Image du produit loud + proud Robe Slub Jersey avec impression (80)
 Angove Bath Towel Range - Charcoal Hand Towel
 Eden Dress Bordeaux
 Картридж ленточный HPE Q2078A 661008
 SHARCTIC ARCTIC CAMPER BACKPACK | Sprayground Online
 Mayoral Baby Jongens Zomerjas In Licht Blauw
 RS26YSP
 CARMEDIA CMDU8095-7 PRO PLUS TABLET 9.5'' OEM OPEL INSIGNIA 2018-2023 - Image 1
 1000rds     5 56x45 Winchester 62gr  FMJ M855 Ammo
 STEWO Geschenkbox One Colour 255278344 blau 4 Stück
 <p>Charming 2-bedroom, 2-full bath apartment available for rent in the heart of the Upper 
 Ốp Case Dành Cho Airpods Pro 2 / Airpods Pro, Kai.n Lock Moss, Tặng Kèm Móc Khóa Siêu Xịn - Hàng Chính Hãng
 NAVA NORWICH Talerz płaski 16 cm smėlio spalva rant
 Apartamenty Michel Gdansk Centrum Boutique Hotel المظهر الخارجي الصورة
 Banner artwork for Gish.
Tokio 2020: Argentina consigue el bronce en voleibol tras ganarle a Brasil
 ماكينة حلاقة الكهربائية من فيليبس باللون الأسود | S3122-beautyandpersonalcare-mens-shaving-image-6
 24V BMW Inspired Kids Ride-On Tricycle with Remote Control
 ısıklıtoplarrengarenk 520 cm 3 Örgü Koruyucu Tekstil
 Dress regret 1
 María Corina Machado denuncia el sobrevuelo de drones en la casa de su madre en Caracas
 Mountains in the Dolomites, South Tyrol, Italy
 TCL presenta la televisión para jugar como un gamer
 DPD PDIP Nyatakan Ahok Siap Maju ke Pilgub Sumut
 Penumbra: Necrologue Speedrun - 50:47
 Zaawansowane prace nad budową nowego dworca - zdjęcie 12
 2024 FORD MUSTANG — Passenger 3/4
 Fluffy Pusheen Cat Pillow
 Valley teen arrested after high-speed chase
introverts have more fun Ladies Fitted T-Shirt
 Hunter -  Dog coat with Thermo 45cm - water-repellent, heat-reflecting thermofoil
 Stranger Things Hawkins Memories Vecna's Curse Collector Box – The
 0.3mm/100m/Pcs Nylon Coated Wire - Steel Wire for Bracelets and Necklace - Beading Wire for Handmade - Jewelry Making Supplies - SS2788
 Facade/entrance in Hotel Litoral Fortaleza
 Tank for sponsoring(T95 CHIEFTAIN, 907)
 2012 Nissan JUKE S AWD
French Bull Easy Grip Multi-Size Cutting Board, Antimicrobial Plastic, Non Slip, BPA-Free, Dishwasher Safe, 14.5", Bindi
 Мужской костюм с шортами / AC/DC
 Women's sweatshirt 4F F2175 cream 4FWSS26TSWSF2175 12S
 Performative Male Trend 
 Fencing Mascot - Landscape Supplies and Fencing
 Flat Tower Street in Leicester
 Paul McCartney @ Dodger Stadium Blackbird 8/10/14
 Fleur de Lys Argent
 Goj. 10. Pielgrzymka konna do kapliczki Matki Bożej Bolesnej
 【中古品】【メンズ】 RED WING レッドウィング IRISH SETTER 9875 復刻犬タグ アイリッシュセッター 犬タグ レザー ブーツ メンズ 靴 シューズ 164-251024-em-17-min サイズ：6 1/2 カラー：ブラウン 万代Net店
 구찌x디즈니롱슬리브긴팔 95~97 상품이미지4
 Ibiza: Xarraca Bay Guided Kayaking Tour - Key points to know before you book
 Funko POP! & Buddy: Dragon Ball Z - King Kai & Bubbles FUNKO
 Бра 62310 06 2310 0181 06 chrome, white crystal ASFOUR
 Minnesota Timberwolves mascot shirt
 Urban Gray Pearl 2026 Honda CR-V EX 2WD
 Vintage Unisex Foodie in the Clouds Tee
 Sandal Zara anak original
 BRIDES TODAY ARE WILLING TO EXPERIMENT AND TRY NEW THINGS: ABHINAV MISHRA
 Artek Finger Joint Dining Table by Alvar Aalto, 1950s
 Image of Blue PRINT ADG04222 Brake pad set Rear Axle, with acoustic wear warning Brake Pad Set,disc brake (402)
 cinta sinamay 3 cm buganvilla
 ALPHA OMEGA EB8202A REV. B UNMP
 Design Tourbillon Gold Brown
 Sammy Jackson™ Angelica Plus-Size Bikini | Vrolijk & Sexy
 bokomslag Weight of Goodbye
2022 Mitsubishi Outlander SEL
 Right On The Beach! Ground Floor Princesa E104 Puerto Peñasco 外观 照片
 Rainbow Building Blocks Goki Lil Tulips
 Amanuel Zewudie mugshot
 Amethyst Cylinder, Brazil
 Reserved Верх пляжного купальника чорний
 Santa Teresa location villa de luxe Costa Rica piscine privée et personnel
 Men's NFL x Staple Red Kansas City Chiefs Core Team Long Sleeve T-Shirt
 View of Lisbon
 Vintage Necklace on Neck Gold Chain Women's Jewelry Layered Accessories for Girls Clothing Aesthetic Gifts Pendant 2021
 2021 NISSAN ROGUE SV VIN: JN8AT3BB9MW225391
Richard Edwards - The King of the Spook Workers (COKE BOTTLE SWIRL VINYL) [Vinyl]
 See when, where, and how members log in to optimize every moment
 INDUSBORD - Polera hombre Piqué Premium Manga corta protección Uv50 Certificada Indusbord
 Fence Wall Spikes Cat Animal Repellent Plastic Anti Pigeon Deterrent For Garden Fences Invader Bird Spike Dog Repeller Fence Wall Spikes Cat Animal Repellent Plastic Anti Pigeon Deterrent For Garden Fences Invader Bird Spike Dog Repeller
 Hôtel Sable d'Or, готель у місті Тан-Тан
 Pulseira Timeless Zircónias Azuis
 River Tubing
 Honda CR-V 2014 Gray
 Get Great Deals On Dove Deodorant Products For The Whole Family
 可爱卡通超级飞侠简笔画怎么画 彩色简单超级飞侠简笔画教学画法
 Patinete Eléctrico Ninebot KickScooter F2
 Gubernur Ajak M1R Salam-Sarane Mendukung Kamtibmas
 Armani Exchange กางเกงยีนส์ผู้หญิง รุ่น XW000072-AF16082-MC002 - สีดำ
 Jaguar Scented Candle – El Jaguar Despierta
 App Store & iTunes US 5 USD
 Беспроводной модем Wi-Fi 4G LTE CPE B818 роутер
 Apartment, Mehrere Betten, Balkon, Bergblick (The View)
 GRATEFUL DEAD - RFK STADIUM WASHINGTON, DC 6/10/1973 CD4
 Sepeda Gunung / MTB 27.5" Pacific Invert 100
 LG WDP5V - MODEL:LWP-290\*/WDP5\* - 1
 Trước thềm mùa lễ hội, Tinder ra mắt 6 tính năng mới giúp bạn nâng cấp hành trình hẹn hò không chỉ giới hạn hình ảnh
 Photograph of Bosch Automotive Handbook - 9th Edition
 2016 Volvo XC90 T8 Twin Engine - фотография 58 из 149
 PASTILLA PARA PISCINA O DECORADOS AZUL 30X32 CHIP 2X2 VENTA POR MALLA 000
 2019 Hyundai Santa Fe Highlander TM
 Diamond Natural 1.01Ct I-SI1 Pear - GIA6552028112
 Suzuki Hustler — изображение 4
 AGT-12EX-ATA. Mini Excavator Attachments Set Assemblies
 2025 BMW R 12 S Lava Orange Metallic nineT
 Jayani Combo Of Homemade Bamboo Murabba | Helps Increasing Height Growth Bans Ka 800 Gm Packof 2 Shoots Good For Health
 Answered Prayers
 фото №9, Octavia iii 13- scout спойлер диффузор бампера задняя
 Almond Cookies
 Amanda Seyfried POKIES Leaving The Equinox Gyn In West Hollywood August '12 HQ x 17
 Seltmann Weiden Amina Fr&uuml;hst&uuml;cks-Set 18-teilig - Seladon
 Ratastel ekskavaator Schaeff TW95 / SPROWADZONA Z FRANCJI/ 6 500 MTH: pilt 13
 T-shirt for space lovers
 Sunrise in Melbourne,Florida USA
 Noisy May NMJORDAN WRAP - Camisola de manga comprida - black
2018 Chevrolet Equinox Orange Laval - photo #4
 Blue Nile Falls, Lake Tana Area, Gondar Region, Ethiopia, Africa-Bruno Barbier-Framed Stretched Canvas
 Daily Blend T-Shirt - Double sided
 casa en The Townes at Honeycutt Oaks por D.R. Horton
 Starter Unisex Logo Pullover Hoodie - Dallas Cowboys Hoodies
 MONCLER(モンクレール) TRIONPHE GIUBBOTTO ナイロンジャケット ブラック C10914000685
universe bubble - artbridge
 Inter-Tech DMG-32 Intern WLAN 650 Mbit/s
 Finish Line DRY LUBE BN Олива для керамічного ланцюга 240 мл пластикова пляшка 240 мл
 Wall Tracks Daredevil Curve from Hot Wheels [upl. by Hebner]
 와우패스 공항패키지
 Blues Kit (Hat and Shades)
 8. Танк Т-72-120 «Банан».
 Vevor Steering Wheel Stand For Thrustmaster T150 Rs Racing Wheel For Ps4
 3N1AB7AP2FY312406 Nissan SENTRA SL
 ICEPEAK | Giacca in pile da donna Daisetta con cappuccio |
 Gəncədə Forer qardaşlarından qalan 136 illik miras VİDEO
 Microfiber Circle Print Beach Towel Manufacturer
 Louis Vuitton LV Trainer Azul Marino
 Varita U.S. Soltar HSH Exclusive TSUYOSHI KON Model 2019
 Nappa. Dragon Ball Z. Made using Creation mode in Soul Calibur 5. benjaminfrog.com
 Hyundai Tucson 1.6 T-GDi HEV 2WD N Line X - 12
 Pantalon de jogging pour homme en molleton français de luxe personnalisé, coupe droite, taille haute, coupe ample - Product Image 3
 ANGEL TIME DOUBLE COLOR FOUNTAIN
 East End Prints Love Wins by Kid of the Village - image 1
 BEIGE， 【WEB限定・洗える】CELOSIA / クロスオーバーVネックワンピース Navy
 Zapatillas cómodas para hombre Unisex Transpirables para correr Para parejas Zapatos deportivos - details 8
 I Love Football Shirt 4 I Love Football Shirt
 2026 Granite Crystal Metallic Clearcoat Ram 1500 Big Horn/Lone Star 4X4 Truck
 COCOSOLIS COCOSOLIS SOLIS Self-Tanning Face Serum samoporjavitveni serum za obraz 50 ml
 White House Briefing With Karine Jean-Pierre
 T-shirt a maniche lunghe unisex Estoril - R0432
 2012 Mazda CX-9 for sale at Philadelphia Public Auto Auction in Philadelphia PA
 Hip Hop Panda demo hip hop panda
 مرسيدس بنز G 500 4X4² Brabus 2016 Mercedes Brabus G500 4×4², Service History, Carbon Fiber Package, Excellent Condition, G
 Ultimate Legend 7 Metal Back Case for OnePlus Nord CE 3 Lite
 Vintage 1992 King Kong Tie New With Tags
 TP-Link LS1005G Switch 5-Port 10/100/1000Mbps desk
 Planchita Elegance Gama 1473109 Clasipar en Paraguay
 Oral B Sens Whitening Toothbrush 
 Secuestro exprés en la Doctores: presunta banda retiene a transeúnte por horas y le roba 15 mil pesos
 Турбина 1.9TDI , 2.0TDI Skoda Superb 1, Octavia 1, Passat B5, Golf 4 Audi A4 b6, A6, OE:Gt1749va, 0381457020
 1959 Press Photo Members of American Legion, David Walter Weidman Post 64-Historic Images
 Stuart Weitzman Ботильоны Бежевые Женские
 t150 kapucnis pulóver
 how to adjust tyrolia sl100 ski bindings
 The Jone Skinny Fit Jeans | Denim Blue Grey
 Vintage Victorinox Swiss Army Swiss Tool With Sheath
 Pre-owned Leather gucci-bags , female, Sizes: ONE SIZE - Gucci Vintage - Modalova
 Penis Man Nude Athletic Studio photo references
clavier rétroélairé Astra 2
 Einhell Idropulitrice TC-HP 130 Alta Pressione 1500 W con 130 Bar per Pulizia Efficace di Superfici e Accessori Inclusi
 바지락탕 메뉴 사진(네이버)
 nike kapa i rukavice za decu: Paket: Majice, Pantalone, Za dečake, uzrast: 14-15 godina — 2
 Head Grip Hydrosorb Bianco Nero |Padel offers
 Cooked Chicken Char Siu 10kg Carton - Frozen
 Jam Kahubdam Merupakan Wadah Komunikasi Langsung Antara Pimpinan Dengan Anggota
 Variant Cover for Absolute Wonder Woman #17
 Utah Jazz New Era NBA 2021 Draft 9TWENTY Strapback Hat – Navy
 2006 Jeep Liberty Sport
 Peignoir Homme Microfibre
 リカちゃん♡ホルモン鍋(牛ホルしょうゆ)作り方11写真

▸ Problem: Looking back over the listing, work out how many lines include the string "Dragon". Write only that number.

▸ Written answer: 2